Which means I will be slugging it out with the latest from Sally Rooney, a translated novel from Olga Tokarczuk who is a literal Nobel Prize winner, a collection of anonymous sexual fantasies from women around the world edited by Gillain Anderson off The X-Files and so on… but not one other non-fiction title.
This is not something I ever expected to happen. But bloody hell I’m delighted by it.
If you are London-based and would like to hear me talk about the book, then come to Backstory in Balham on 20 November. If you’d like me to sign a book in the presence of a lot of other authors and also mulled wine, you can come to Foyles on 28 November.
Right, that’s quite enough of me. Now it’s over to the rail engineer and writer Gareth Dennis for our feature presentation…
The case against electric cars
At the start of October, the Resolution Foundation released a report called “Getting the green light” that made bold claims about the inability of public transport to help reduce our greenhouse gas emissions, and argued that we needed to prioritise a shift to electric cars above all else.
The report couldn’t have been more devoid of vision or aspiration. It ignores essentially all of the problems with retaining the status quo of cars being the dominant mode of passenger travel nationally. It was entirely incurious about how we could do things better. It is difficult to conclude that it wasn’t written by people with an extremely limited understanding of mobility and its impact on society.
Thankfully for them, I’ve got a book out in November that can help fill in the gaps for them, and Jonn has very kindly let me reproduce a bit of it here. If you want to know why we cannot just swap petrol and diesel for electric cars and call it “job well done” then this abridged extract from How the Railways Will Fix the Future: Rediscovering the Essential Brilliance of the Iron Road should paint a useful picture...
In the 1960s – barely three decades after extreme lobbying from the petrochemical and automotive industries had changed our language, our streets and our attitude towards mass death (not least of children), all on the altar of the motor car – across the motorised world it was realised that the reshaping of our society in favour of private transport led only to the total flattening of our urban realm, and of the rural realm beyond it.
Today, road collisions account for well over a million deaths a year, and are the leading cause of death globally for children and young adults (those between the ages of five and thirty). As many as fifty million people are injured. While deaths of those inside vehicles are on average reducing, the number of deaths and severe injuries of vulnerable road users such as pedestrians and cyclists is increasing. Road deaths are an epidemic that we have accepted as part of modern society, and it is absolutely appalling. And if we are to accommodate reductions in carbon emissions and increases in mobility mostly through the expansion in our use of private vehicles, whether battery powered or not, then the number of fatalities is going to increase. There is, at best, a paucity of evidence to support claims that driver aids will limit this rise, not least as these are fitted only to the most expensive cars, inaccessible to the majority of drivers.
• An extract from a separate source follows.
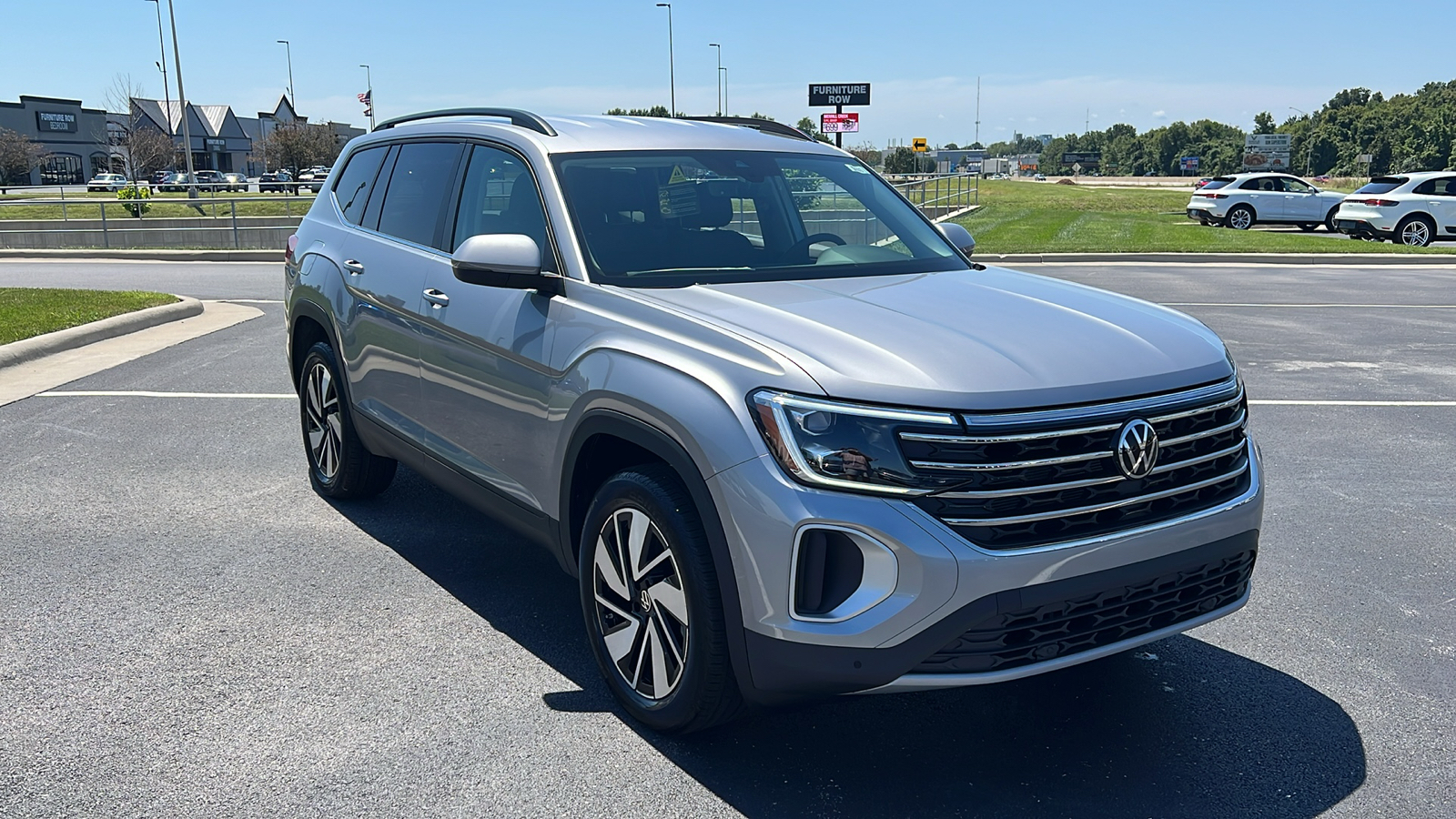 2024 Volkswagen Atlas 2.0T SE w/Technology 11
Further, air quality in many cities continues to worsen, even with the proliferation of electric vehicles. The largest source of microplastics in the atmosphere and ocean is car tyres, and this is only going to increase as cars get heavier to accommodate batteries and larger to meet the profit demands of the automotive industry.
Car dominance and dependence have even more egregious secondary effects. The urban realm has been twisted, homogenised, fragmented and flattened to satisfy the needs of these metal boxes. Nowhere is this more obvious than in the US, where whole communities, most often non-white, have been bulldozed to facilitate the growth of highways. Finding somewhere to put all these cars means levelling enormous tracts of cityscape. This is bleakly demonstrated in Detroit, where little remains of its city centre other than acres of open concrete. Head to the suburbs and the construction of low-density housing has resulted in cities built almost deliberately to make them difficult to serve with public transport.
This change to our built-up spaces has fragmented populations, shattered communities and entrenched isolation for hundreds of millions of people worldwide. For the global north, this is resulting in an enormous burden of care as our ageing populations are consequently less and less independent without the mobility provided by walkable cities augmented by good public transport. This results in more reliance on frontline healthcare services, in turn resulting in worse overall outcomes for everyone relying on their nation’s health system. No technology can solve this, despite the claims of the tech industry and its coalition with liberal politicians across the globe.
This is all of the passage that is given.